- [Work required]:
Omit all images, then repeat exactly the lines below from the one containing "Oliandon Light Brown" through the one containing "气球上升图片_气球礼物盒手绘插画", both ends included.
-- Records for the exercise follows --
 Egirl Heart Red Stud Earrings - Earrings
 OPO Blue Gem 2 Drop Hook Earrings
-- Records for the exercise concluded --
-- Records for the exercise follows --
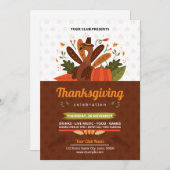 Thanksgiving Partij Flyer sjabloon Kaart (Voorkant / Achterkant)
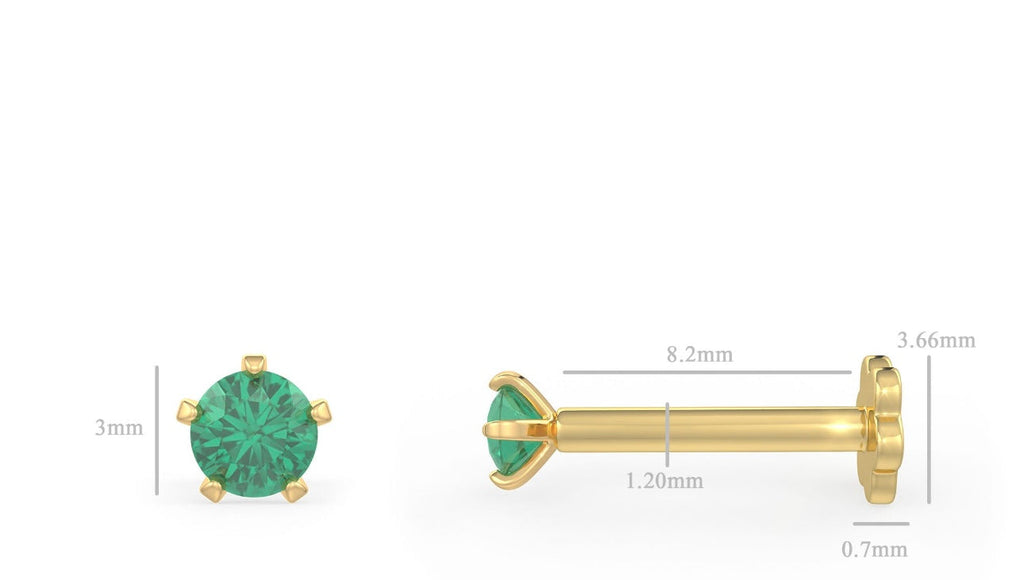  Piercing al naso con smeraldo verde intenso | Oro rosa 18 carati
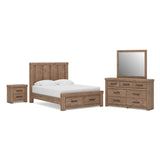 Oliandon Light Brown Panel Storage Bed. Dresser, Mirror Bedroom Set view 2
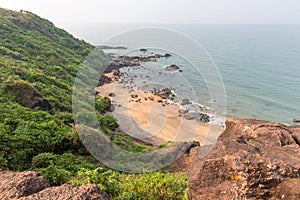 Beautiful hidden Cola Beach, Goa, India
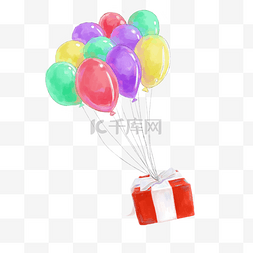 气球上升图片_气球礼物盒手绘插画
-- Records for the exercise concluded --
-- Records for the exercise follows --
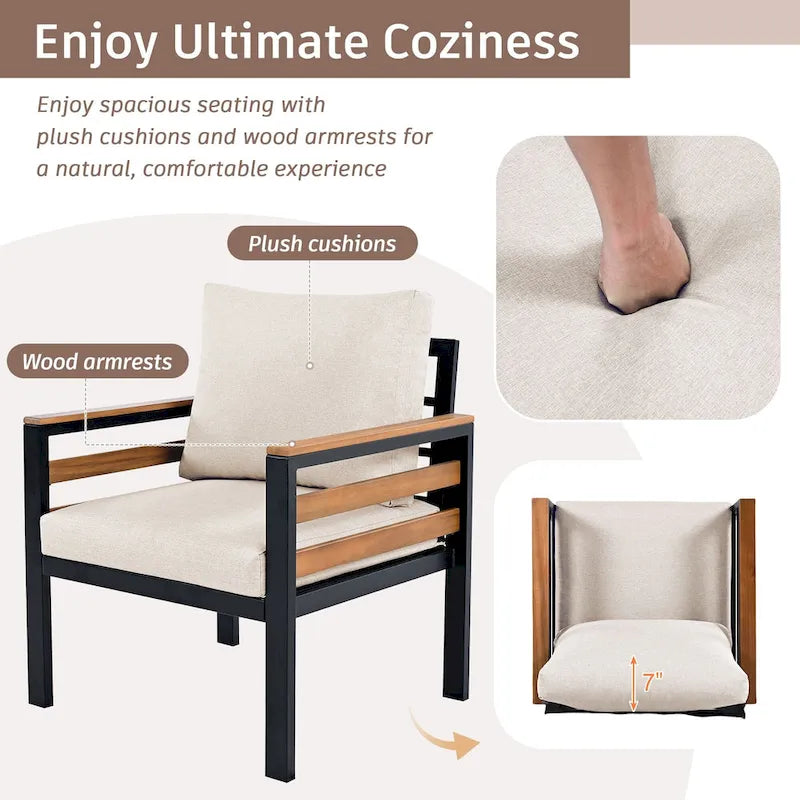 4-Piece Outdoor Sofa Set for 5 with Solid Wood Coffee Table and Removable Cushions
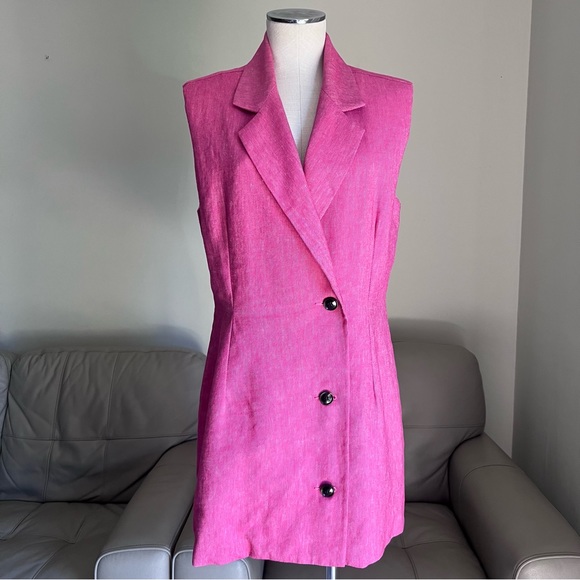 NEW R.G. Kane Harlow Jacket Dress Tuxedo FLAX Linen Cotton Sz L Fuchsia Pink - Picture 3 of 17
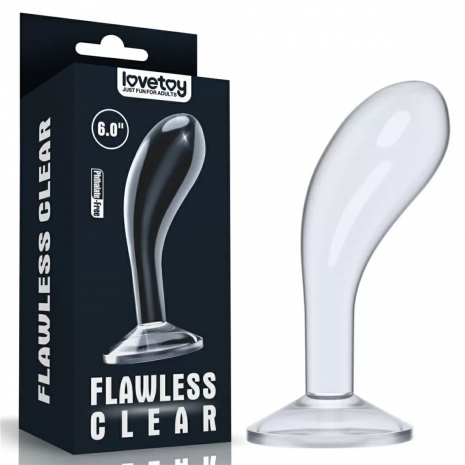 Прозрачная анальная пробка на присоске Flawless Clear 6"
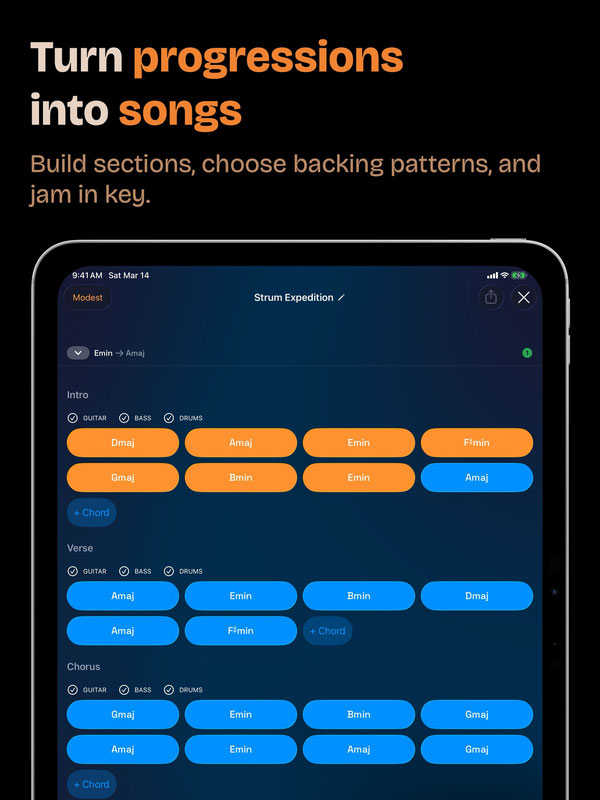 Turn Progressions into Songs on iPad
-- Records for the exercise concluded --
- [Response area]:
 Oliandon Light Brown Panel Storage Bed. Dresser, Mirror Bedroom Set view 2
 Beautiful hidden Cola Beach, Goa, India
 气球上升图片_气球礼物盒手绘插画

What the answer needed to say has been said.